Thread: First Step to Major Use: Integrated Full-Text Search
Hi, I've been using Postgres for 3 years now, and as far as I'm concerned, it blows all other open source (and many commercial) database systems out of the water. I'm kind of upset at its lack of support by web hosts, open source projects, and the web developer community-at-large. I'm putting together an e-Commerce application framework specifically designed for web programmers and developers (more flexibility/easier high-end customization at the expense of being useful to non-professionals) and I designed it originally with Postgres (though it does have a data abstraction layer). I realized that the full-text search support for Postgres would be sketchy and most users might opt for MySQL instead since (A) their host doesn't support Tsearch2 or OpenFTS (i.e., the user needs special rights to install custom functions on Pgsql that most hosts won't allow) or (B) they're great developers... but not great Sysadmins or DbAdmins and messing with the database server is out-of-their-league. Now, Tsearch2 (which I use primarily) beats MySQL's native search out of the water (or at least the last version that I used, which didn't return any results if the total number of results was below a certain threshold). It's very powerful, customizeable, and relatively easy to use - or at least easy enough for any developer familiar with SQL. I think a major step that the development community behind Pgsql could take to advance the project would be to take Tsearch2 or OpenFTS and make one of them (I prefer the Tsearch2 architecture, but then I haven't used OpenFTS in a while) native to Postgres rather than a contrib. What do you think? C. Filipe Medeiros http://www.nutritionalcenter.com/
Am Montag, 5. Dezember 2005 20:09 schrieb C. Filipe Medeiros: > I think a major step that the development community behind Pgsql > could take to advance the project would be to take Tsearch2 or OpenFTS > and make one of them (I prefer the Tsearch2 architecture, but then I > haven't used OpenFTS in a while) native to Postgres rather than a contrib. This is certainly a completely misguided solution to your problem. Imagine what software packages like Linux, Perl, or Apache would look like today if the response to every "my hoster has not installed module X" had been "let's put X in the core distribution". One could certainly argue about the merits of full-text search in particular, but that will only postpone your real problem until next week.

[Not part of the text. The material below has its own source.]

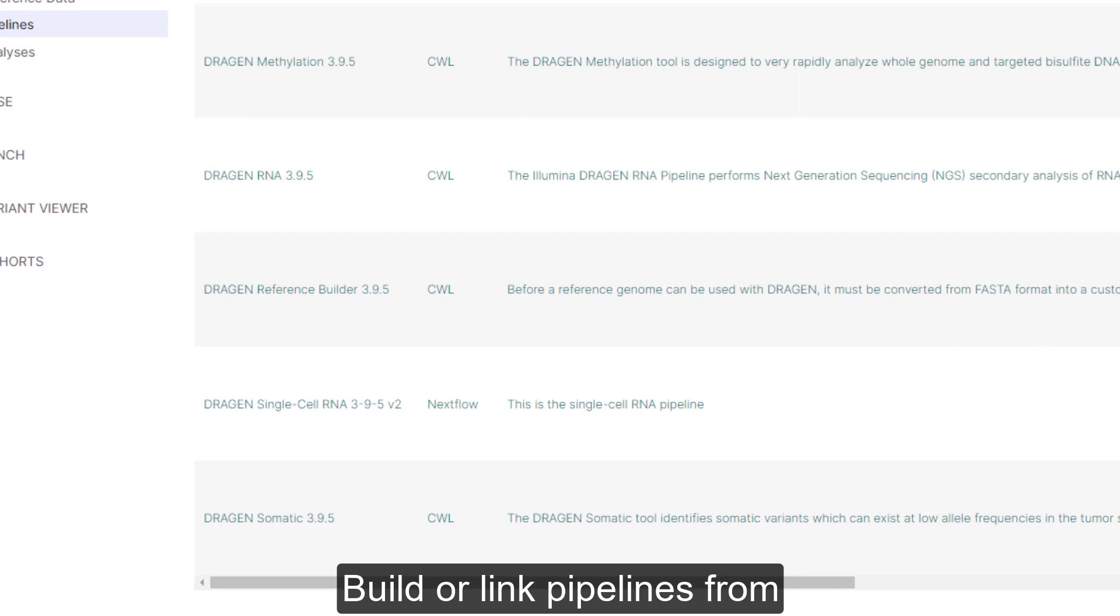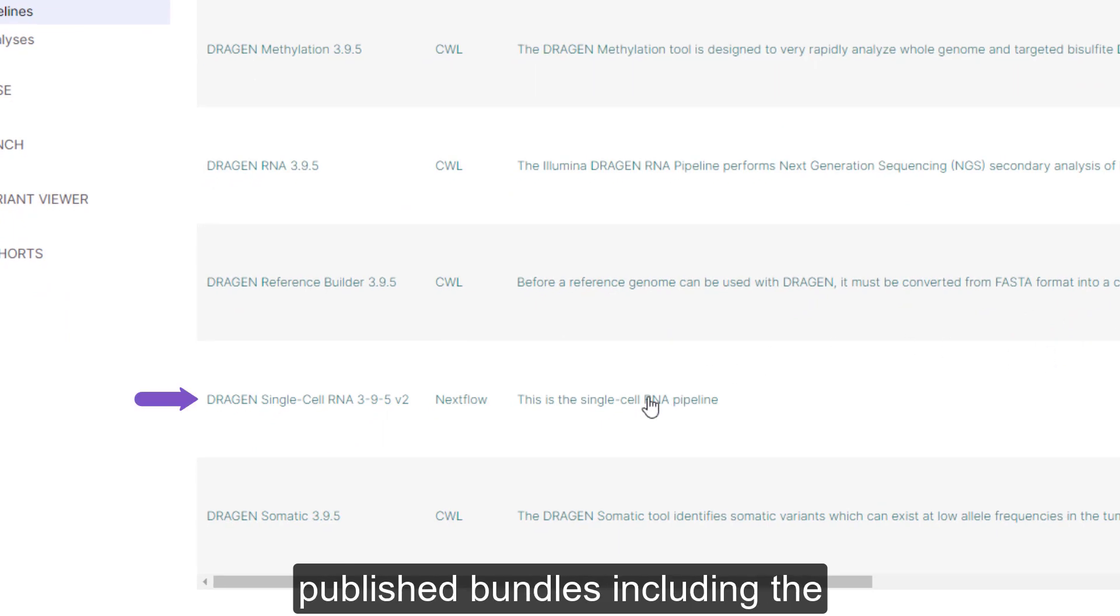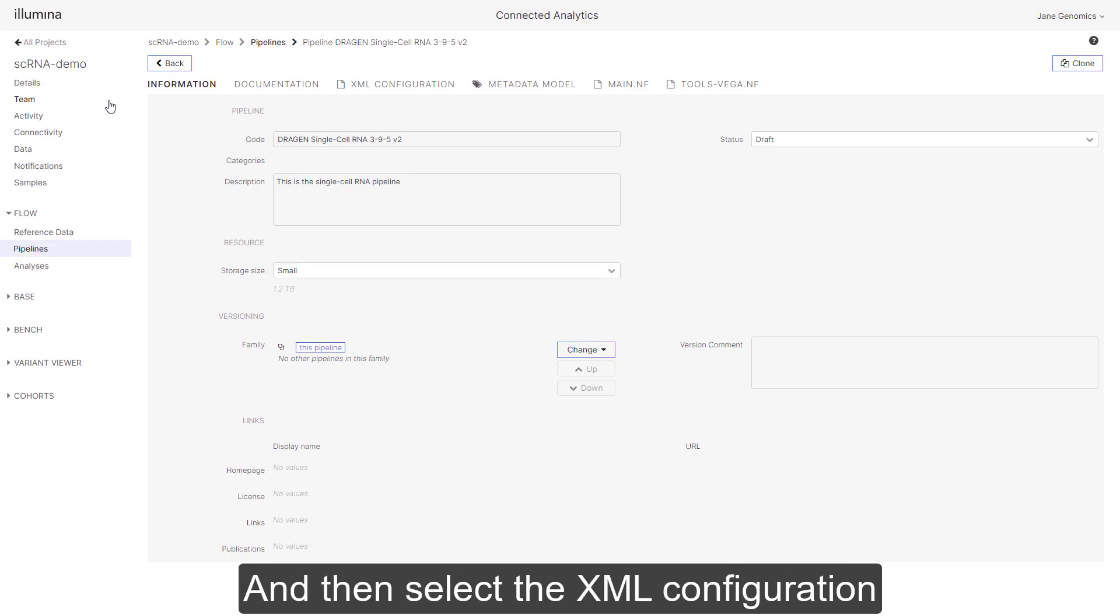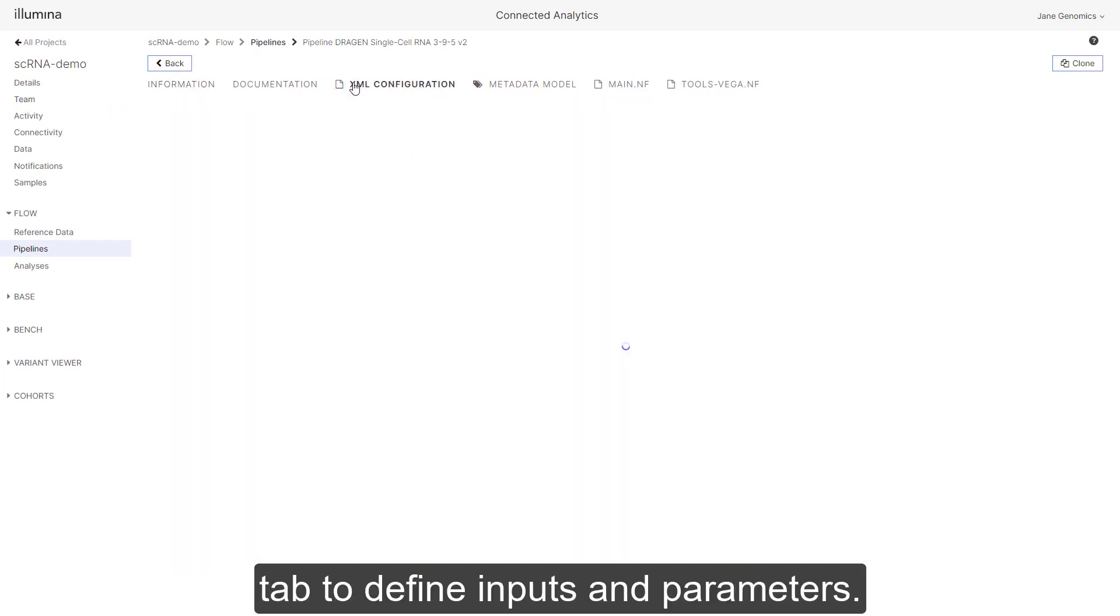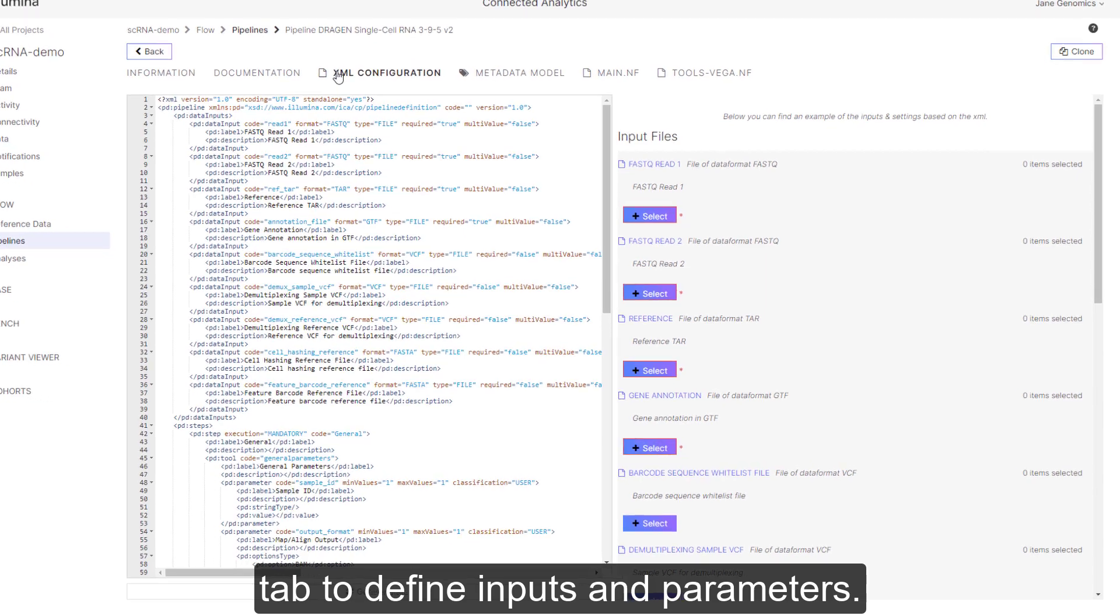Build or link pipelines from published bundles including the Dragon single cell RNA pipeline, and then select the XML configuration tab to define inputs and parameters.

Peter Eisentraut wrote: > Am Montag, 5. Dezember 2005 20:09 schrieb C. Filipe Medeiros: > >> I think a major step that the development community behind Pgsql >> could take to advance the project would be to take Tsearch2 or OpenFTS >> and make one of them (I prefer the Tsearch2 architecture, but then I >> haven't used OpenFTS in a while) native to Postgres rather than a contrib. >> > > This is certainly a completely misguided solution to your problem. Imagine > what software packages like Linux, Perl, or Apache would look like today if > the response to every "my hoster has not installed module X" had been "let's > put X in the core distribution". One could certainly argue about the merits > of full-text search in particular, but that will only postpone your real > problem until next week. > Not to mention that Tsearch2 is part of PostgreSQL. If your hoster doesn't realize the benifits, change hosting companies ;)... Or ask them to install postgresql-contrib. Joshua D. Drake > ---------------------------(end of broadcast)--------------------------- > TIP 1: if posting/reading through Usenet, please send an appropriate > subscribe-nomail command to majordomo@postgresql.org so that your > message can get through to the mailing list cleanly >
Hi there,
All good points, however I want to point out this isn't my personal issue, since I host my own websites. My only problem is that if I license my software out to people, and they have the option of using Postgres or MySQL, they're going to support MySQL because more hosts support MySQL than those who support Postgres WITH a search module enabled. I don't have a problem installing Tsearch2 myself, but I'm not going to responsible for doing it for every single one of my licensees.
I'll break my argument FOR full-text integration in the following few points:
Development-wise may be another issue entirely.
- Filipe
Joshua D. Drake wrote:
All good points, however I want to point out this isn't my personal issue, since I host my own websites. My only problem is that if I license my software out to people, and they have the option of using Postgres or MySQL, they're going to support MySQL because more hosts support MySQL than those who support Postgres WITH a search module enabled. I don't have a problem installing Tsearch2 myself, but I'm not going to responsible for doing it for every single one of my licensees.
I'll break my argument FOR full-text integration in the following few points:
- Full-text search has widespread appeal, and in my use of Postgres (Postgres for websites) the need for full-text database search is practically universal. However, it's making less and less sense for me to support Postgres at all because so many of my licensees can't run it with their existing hosts (who run Postgres, but won't support a search module). Full text search in the native distribution would almost certainly bolster Postgres advocacy.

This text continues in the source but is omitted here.